ACTIVITY »
Without any pictures, retype exactly the lines that begin at the one holding "Mac Duggal White" and end at the last line of the data below.

Pictures with short captions »

============================================================

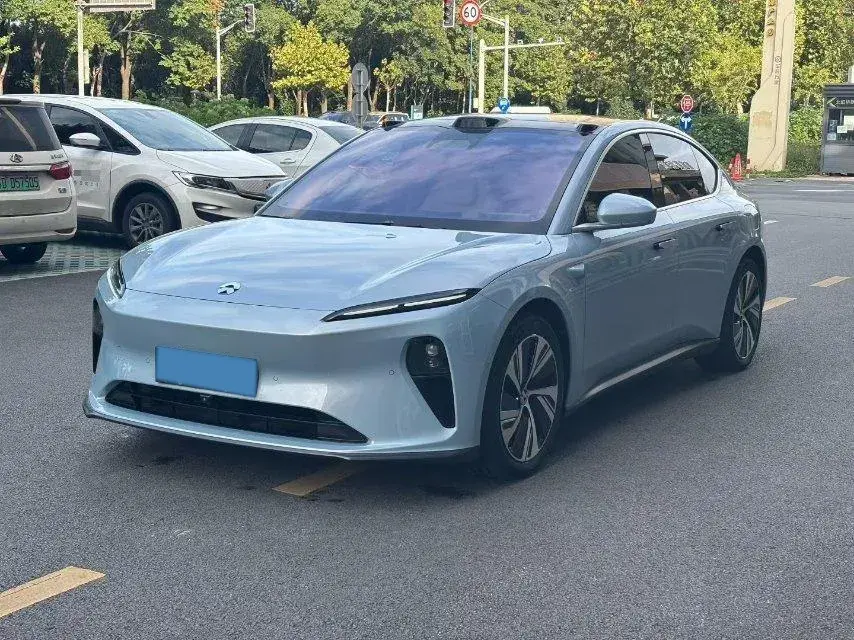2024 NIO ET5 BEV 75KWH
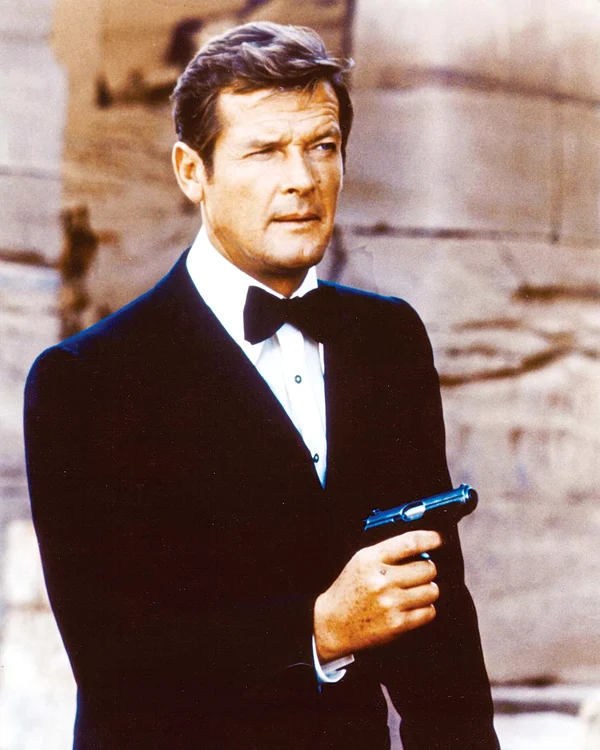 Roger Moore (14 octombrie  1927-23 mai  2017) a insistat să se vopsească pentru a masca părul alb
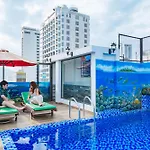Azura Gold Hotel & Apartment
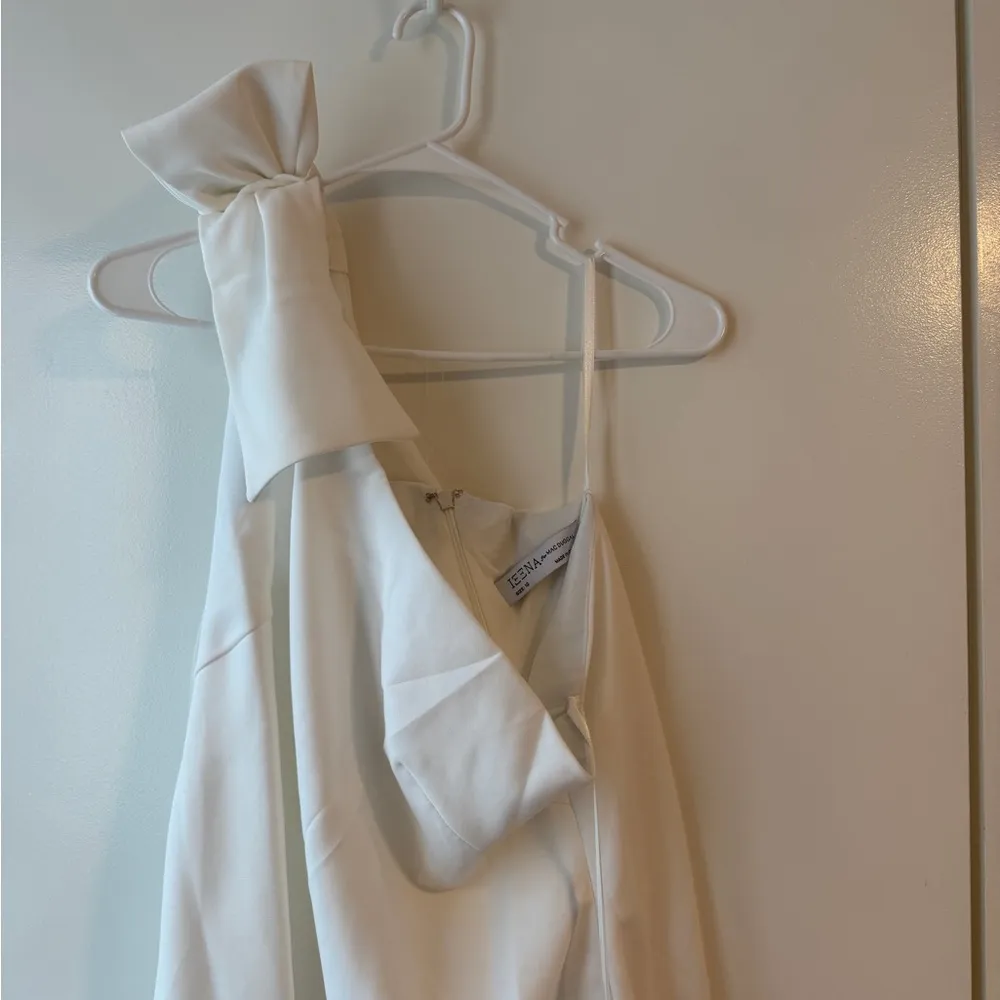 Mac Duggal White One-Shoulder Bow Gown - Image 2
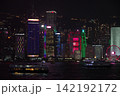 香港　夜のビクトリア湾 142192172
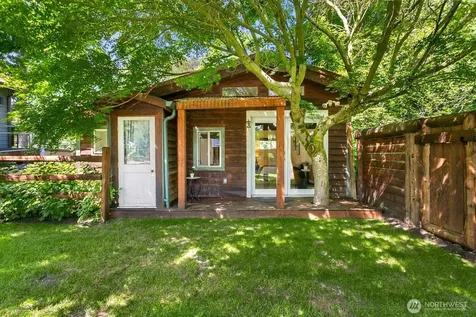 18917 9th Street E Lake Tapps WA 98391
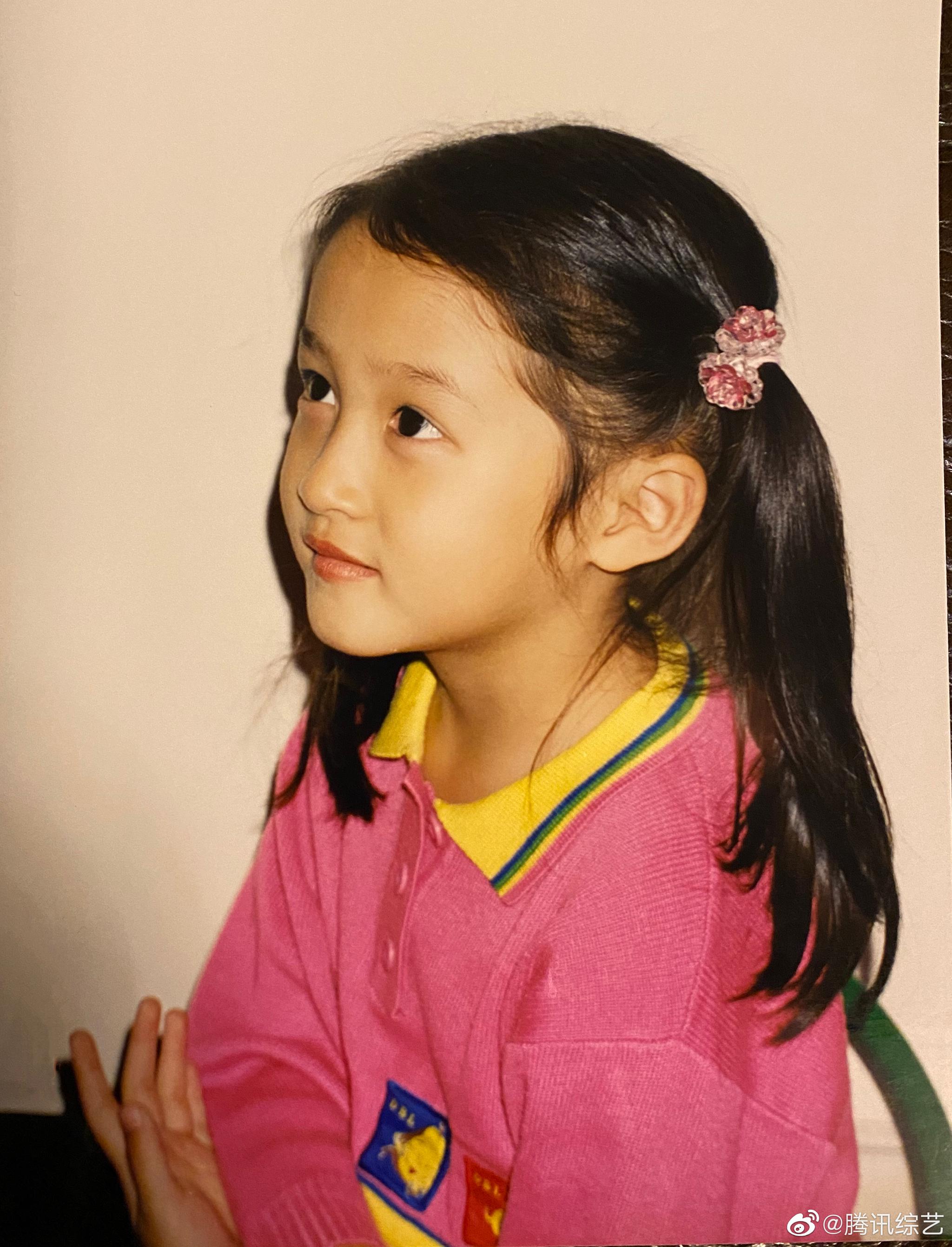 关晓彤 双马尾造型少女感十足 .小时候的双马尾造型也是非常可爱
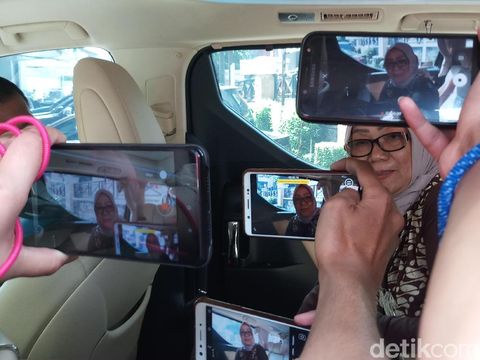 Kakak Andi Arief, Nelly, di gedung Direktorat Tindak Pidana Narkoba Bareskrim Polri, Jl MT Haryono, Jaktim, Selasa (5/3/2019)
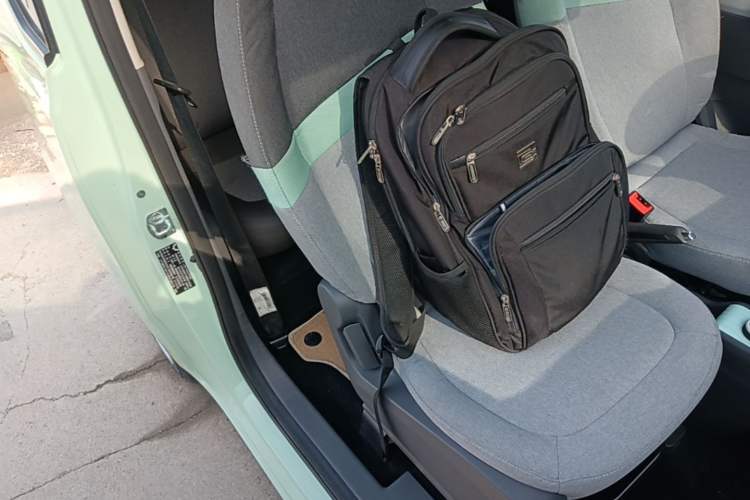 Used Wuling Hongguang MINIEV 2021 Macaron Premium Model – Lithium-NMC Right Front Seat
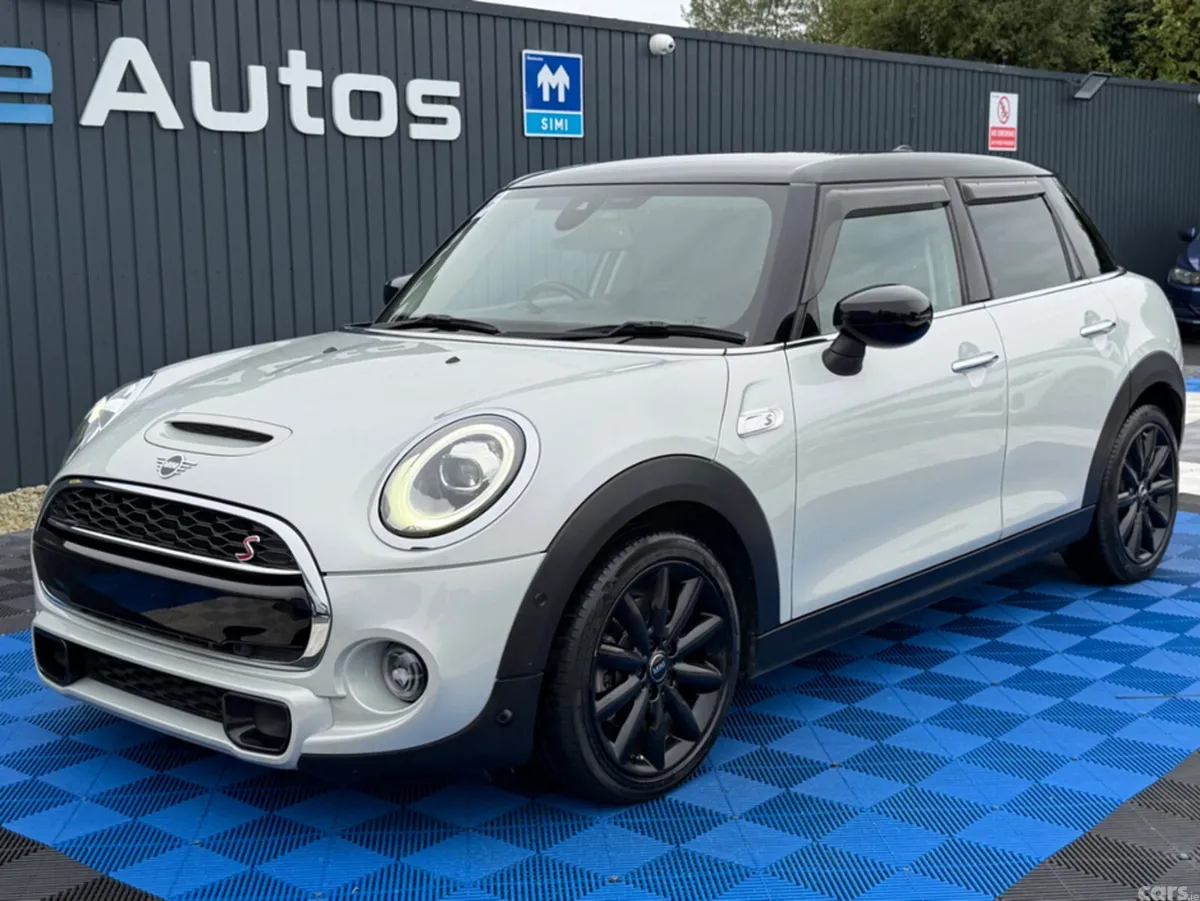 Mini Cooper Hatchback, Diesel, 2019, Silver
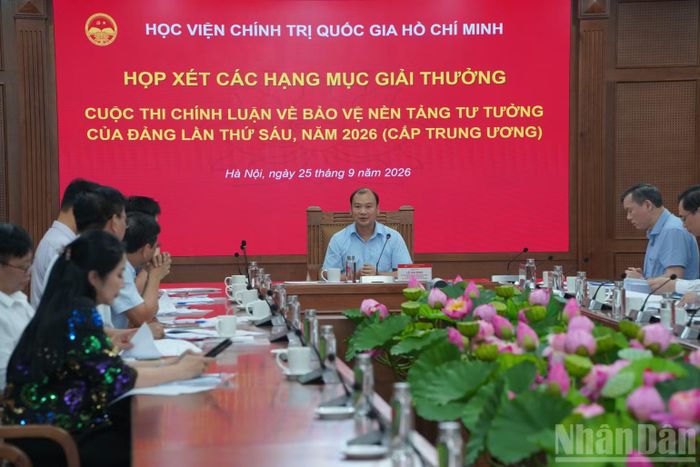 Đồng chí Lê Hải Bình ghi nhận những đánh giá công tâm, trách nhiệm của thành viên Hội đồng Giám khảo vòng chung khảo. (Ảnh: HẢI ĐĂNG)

============================================================

SOLUTION TO THIS EXERCISE »
 Mac Duggal White One-Shoulder Bow Gown - Image 2
 香港　夜のビクトリア湾 142192172
 18917 9th Street E Lake Tapps WA 98391
 关晓彤 双马尾造型少女感十足 .小时候的双马尾造型也是非常可爱
 Kakak Andi Arief, Nelly, di gedung Direktorat Tindak Pidana Narkoba Bareskrim Polri, Jl MT Haryono, Jaktim, Selasa (5/3/2019)
 Used Wuling Hongguang MINIEV 2021 Macaron Premium Model – Lithium-NMC Right Front Seat
 Mini Cooper Hatchback, Diesel, 2019, Silver
 Đồng chí Lê Hải Bình ghi nhận những đánh giá công tâm, trách nhiệm của thành viên Hội đồng Giám khảo vòng chung khảo. (Ảnh: HẢI ĐĂNG)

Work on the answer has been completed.